Il cosiddetto “Decreto ILVA”, emanato dal Governo lo scorso 26 giugno, è approdato in parlamento per essere convertito in legge. In questa occasione la maggioranza ha inserito nel testo di conversione un emendamento composto da quattro commi che, se approvato, costituirebbe un attacco gravissimo ai diritti dei lavoratori.
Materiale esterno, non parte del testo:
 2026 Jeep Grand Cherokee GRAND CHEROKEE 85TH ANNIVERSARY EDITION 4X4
Il primo comma dell’emendamento introduce il principio che, in aziende con più di 15 dipendenti, la decorrenza della prescrizione dei diritti dei lavoratori decorre in costanza di rapporto di lavoro. In parole povere, si riduce il tempo utile per rivendicare eventuali crediti retributivi non riscossi. “Oggi un lavoratore ha tempo cinque anni dalla fine del rapporto di lavoro per richiedere eventuali differenze retributive che non gli sono state precedentemente riconosciute (straordinari non pagati, sotto inquadramento ecc.) e secondo l’attuale orientamento giurisprudenziale, si può retrocedere questo diritto fino al 2007”, spiega Gabriele Viganò, responsabile dell’Ufficio Vertenze Legale della CGIL Lecco. “Con il nuovo emendamento, invece, non si può più attendere la cessazione del rapporto di lavoro in quanto si fa decorrere la prescrizione mentre il rapporto è ancora in corso. E’ evidente che vi possa essere un timore oggettivo nell’intraprendere un contenzioso con il proprio datore di lavoro, a maggior ragione considerato che anche per le grandi aziende non ci sono più le tutele originarie in caso di licenziamento previste dallo Statuto dei Lavoratori del 1970, che garantivano il diritto alla reintegra del posto di lavoro.”
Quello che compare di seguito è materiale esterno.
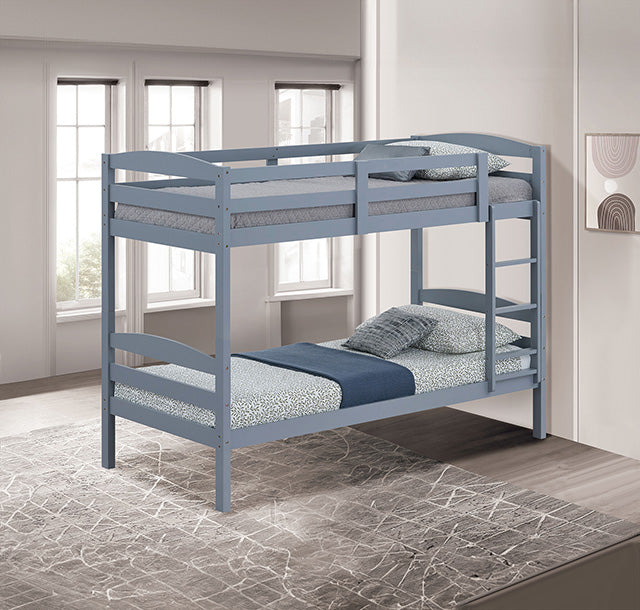 Finsbury-Twin Twin Bunk Bed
Ma questa norma va addirittura oltre: una volta interrotta la prescrizione, atto che può essere agito anche con una semplice raccomandata o PEC, se non si avvia una causa di lavoro entro i successivi 180 giorni si perde ogni diritto. “Costringere i dipendenti a fare causa al proprio datore di lavoro in costanza di rapporto” continua Vigano’ “significa, nella stragrande maggioranza dei casi, scoraggiarli e impedire di fatto che le domande vengano presentate perché si teme di incorrere in evidenti o malcelate ritorsioni. A parte il rischio massimo, ovvero quello di essere licenziati per motivi insussistenti, è storia nota come il lavoratore spesso venga messo in condizioni di particolare difficoltà: variazione delle mansione o dell’orario, trasferimento di sede di lavoro, fino ad arrivare a situazioni di straining o di vero e proprio mobbing”.
Il terzo e quarto comma dell’emendamento si riferiscono all’adeguatezza della retribuzione ai sensi dell’art. 36 della Costituzione, che – va ricordato – prevede testualmente che “il lavoratore ha diritto ad una retribuzione proporzionata alla quantità e qualità del suo lavoro e in ogni caso sufficiente ad assicurare a sé e alla famiglia un’esistenza libera e dignitosa”. Il fenomeno del cosiddetto “lavoro povero” è esploso negli ultimi anni in modo dilagante ed è stato oggetto di numerose indagini della magistratura. A questo proposito, l’emendamento proposto stabilisce che, nel caso in cui un giudice dovesse accertare la grave inadeguatezza della retribuzione rispetto a livelli minimi di sufficienza e proporzionalità, il lavoratore non potrà ottenere le differenze retributive maturate prima dell’invio della lettera con cui interrompe la prescrizione, ma solo quelle successive. Un vero e proprio colpo di spugna su tutte quelle cause, alcune ancora in corso, con cui migliaia di lavoratori chiedono un risarcimento per anni di retribuzioni considerate insufficienti a garantire loro un’esistenza libera e dignitosa.
Secondo Diego Riva, Segretario generale della CGIL Lecco, “con questa operazione sarà sempre più difficile tutelare i salari nei casi di crediti retributivi nei confronti del datore di lavoro. Considerando che queste norme sono inserite in un disegno di legge finalizzato alla salvaguardia dei posti di lavoro e ai comparti produttivi, sembra che il Governo voglia sostenere le imprese che fanno competizione sleale consentendo loro di non pagare quanto dovuto. Fatto ancora più grave se si considera che le azioni giudiziarie hanno parallelamente consentito un recupero di centinaia di milioni di euro in fatto di evasione fiscale e previdenziale. Al di là della retorica politica sulle migliaia di posti di lavori creati, ancora una volta siamo di fronte a un tentativo di cancellare alcune conquiste ottenute dai lavoratori negli ultimi anni.”